_Supplied records_.
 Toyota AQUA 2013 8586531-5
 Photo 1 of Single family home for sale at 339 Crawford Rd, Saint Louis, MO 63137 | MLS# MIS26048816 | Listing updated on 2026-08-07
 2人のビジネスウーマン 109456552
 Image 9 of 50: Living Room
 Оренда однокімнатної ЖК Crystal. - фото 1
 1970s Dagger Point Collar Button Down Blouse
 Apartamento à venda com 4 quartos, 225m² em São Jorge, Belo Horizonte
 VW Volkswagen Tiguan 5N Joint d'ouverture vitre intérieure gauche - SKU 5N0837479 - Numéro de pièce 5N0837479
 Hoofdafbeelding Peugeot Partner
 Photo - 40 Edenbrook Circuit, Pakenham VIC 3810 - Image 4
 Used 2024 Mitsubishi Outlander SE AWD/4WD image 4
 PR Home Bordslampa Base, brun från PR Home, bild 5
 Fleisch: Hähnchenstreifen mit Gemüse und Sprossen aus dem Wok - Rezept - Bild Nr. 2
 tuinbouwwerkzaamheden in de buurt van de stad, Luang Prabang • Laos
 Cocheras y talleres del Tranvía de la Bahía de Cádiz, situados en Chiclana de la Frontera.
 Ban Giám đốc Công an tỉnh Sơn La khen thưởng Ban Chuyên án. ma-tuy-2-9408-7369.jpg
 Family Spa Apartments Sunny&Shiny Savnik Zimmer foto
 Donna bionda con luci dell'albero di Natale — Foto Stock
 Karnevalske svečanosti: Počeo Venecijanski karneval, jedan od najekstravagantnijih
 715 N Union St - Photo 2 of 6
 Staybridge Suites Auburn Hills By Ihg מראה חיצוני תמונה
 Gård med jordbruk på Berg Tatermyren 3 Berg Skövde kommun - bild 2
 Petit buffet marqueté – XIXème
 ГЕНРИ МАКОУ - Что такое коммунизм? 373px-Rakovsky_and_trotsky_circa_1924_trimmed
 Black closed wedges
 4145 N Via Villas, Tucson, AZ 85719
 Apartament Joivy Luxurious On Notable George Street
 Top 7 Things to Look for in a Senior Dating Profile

_What to produce_.
Please retype, exactly as written, every line from the line containing "Staybridge Suites Auburn" through the last line of the records above, including both of those lines, and nothing else.

_Response area_.
 Staybridge Suites Auburn Hills By Ihg מראה חיצוני תמונה
 Gård med jordbruk på Berg Tatermyren 3 Berg Skövde kommun - bild 2
 Petit buffet marqueté – XIXème
 ГЕНРИ МАКОУ - Что такое коммунизм? 373px-Rakovsky_and_trotsky_circa_1924_trimmed
 Black closed wedges
 4145 N Via Villas, Tucson, AZ 85719
 Apartament Joivy Luxurious On Notable George Street
 Top 7 Things to Look for in a Senior Dating Profile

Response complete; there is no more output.